Monday 7 December 2020

Revisiting 00s US Indies #15

Low-Ki v Paul London v AJ Styles (ROH One Year Anniversary Show, 2/8/03)

You know, for a wild spotfest triple threat, this was probably one of the best of its ilk that I've seen. It was like the best possible version of a Beyond Wrestling match where they just went out and did as much awesome looking shit as they could. You're not listening to 2 Chainz for deep story raps and you're not watching this for the psychology or narrative structure or whatever. My low bar hopes for threeway matches are basically that there isn't a ton of one wrestler needing to lie around selling something for an inordinate amount of time while the other two pair off, and that when they inevitably try some elaborate shit it doesn't take half an hour to set up and leave me tuning out. I thought they mostly nailed that balance between selling and getting shit in here, and while some of the stuff was elaborate, it wasn't ridiculous and that elaborate stuff wound up being cool as fuck anyway, so I'll accept the tradeoff. There was even a bit of role-establishment as well, with Ki and Styles being the indie superstars and the guys folk had pinned their hopes on for solidifying ROH's seat at the big boy table, while London has never had any of that hype and thus essentially becomes an underdog babyface. Ki and Styles were never dismissive of him as such, but there were a couple points where they doubled up on him just to get him out the road so the all-star match-up could take place.

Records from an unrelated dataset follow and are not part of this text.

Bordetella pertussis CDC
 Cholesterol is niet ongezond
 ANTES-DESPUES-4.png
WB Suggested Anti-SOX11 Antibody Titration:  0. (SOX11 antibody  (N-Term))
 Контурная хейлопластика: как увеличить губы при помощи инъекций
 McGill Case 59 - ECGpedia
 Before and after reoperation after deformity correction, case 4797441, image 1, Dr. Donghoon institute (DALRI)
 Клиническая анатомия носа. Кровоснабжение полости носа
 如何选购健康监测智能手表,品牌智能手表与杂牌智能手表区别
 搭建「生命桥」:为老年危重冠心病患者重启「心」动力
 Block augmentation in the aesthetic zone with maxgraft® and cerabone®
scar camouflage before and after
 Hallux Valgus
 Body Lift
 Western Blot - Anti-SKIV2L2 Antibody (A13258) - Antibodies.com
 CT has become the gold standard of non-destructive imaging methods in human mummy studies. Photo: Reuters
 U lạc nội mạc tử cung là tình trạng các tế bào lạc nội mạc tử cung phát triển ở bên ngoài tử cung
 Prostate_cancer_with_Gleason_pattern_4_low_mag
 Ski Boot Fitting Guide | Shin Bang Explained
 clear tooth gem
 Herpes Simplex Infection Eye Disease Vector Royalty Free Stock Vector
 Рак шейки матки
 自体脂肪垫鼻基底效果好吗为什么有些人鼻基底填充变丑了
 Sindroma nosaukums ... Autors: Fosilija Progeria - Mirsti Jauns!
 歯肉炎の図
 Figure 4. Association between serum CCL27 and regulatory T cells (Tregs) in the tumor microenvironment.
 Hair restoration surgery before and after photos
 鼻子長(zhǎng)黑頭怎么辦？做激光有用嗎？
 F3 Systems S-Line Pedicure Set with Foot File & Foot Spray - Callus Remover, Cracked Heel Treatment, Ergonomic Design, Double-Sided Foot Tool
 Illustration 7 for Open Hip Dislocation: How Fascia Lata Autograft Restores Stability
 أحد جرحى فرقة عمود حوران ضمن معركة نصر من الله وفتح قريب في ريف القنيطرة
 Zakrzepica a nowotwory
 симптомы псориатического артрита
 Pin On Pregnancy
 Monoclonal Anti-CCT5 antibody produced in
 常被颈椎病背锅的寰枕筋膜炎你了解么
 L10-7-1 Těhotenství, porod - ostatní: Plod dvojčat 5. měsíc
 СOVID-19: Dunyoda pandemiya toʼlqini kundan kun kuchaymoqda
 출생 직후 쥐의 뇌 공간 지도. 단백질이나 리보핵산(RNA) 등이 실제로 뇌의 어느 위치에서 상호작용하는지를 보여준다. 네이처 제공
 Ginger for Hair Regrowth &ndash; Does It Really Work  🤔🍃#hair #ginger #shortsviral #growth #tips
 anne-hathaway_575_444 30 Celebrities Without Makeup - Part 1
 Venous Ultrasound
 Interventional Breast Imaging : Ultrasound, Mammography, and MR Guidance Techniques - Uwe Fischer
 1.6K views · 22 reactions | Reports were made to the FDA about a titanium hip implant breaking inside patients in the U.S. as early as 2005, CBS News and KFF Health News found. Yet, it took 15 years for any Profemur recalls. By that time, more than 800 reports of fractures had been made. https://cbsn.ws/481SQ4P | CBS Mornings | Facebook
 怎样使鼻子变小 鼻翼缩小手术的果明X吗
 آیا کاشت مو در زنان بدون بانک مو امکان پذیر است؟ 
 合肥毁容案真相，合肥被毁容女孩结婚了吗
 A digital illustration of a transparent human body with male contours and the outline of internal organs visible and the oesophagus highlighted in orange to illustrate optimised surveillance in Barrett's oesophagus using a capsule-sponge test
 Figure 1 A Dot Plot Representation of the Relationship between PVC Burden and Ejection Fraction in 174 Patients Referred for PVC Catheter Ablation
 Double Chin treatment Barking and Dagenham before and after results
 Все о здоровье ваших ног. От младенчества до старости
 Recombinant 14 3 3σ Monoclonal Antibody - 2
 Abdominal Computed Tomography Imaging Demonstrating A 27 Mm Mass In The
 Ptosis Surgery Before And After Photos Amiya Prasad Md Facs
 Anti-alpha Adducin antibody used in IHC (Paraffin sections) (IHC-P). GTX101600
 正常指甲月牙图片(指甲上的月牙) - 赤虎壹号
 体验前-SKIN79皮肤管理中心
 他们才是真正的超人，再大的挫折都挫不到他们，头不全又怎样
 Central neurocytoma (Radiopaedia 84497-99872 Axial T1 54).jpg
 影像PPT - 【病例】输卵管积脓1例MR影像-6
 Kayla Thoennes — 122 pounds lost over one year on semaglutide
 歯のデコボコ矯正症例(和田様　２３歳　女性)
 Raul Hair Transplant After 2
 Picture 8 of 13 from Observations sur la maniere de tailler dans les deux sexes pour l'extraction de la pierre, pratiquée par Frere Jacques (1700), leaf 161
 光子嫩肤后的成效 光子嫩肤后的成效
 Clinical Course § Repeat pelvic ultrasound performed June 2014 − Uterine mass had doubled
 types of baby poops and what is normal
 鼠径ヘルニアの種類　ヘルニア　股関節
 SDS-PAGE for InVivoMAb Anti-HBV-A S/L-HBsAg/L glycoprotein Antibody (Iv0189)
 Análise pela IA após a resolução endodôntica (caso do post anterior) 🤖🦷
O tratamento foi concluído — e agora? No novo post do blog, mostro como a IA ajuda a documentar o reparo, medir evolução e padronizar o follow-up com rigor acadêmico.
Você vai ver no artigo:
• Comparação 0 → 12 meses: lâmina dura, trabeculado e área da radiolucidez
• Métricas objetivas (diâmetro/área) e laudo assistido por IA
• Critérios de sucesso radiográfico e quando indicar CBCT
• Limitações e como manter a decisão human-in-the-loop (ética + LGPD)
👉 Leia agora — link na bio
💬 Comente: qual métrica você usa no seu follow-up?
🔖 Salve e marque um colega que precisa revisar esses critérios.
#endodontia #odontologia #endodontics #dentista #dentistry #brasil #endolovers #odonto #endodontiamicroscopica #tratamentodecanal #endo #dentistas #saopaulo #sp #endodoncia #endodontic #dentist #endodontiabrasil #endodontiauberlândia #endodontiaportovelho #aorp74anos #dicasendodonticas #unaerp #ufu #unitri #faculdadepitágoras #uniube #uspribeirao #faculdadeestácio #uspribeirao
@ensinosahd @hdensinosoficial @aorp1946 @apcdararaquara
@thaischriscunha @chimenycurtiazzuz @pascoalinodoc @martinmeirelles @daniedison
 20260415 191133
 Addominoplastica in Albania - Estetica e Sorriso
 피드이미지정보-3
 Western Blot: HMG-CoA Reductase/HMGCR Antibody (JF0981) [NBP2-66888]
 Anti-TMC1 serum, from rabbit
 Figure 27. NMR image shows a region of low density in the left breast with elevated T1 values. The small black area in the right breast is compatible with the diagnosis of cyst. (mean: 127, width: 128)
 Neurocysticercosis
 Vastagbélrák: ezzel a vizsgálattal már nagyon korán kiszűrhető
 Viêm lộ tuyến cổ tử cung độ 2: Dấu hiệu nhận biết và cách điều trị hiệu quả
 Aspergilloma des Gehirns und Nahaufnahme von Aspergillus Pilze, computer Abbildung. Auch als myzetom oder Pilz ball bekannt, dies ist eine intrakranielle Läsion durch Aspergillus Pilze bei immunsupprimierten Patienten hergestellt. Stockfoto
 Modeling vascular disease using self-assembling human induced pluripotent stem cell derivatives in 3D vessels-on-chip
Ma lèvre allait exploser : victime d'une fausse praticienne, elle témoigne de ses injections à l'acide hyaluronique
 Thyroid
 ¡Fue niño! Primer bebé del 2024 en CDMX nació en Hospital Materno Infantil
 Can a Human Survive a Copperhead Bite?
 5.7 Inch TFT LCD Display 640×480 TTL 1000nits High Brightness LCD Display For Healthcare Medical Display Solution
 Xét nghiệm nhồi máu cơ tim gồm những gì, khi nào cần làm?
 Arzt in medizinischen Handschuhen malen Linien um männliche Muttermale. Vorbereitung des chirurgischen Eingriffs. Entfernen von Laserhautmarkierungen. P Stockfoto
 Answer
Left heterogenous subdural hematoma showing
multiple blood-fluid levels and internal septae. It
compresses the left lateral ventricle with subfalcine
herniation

Some of the stuff they all did was nuts and things I've never seen before or since, which is quite incredible considering this happened in 2003 and the level of INNOVATION~ wrestling his strived for since then. Also helped that everything looked like it hurt like a bastard. London hit one missile dropkick to the back of Styles that I thought gave him whiplash. I rewound it and slowed it down and the back of his head about touched his shoulder blade. Even struggles over a top rope move were good because Styles would just whack London in the kidneys with nasty forearms, Ki would do what he always does and hit everyone really hard, they never messed about up there for ages, etc. The final bit with all three of them on the top rope was about the least contrived version of that particular threeway trope I could ask for and the finish itself was great. Shockingly enjoyable match. I know why they didn't but they should've stuck the belt on London that night because the crowd were SO ready for it.